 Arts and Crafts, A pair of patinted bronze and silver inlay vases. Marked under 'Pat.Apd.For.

◇ ◇ ◇ ◇

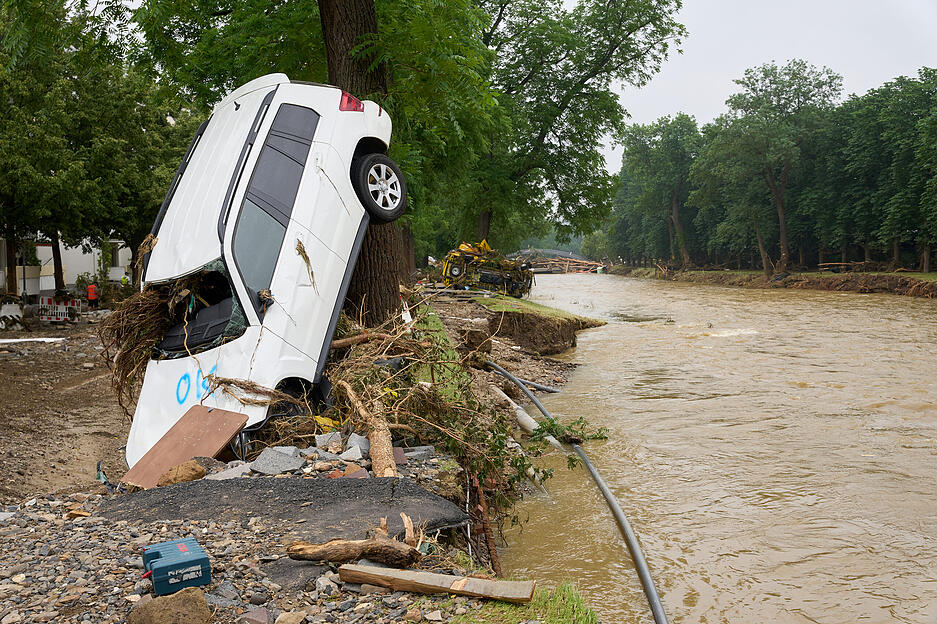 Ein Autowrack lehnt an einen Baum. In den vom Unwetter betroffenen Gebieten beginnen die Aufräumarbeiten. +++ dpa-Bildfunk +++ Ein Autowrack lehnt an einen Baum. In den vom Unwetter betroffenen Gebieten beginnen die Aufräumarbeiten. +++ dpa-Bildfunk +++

◇ ◇ ◇ ◇

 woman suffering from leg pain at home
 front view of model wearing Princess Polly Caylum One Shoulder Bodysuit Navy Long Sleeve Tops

◇ ◇ ◇ ◇

» Your goal
Your task for the entries above: copy exactly the span starting with the line with "woman suffering from leg pain at home" and going on through the line with "front view of", both lines included, and nothing else.

» Result below
 woman suffering from leg pain at home
 front view of model wearing Princess Polly Caylum One Shoulder Bodysuit Navy Long Sleeve Tops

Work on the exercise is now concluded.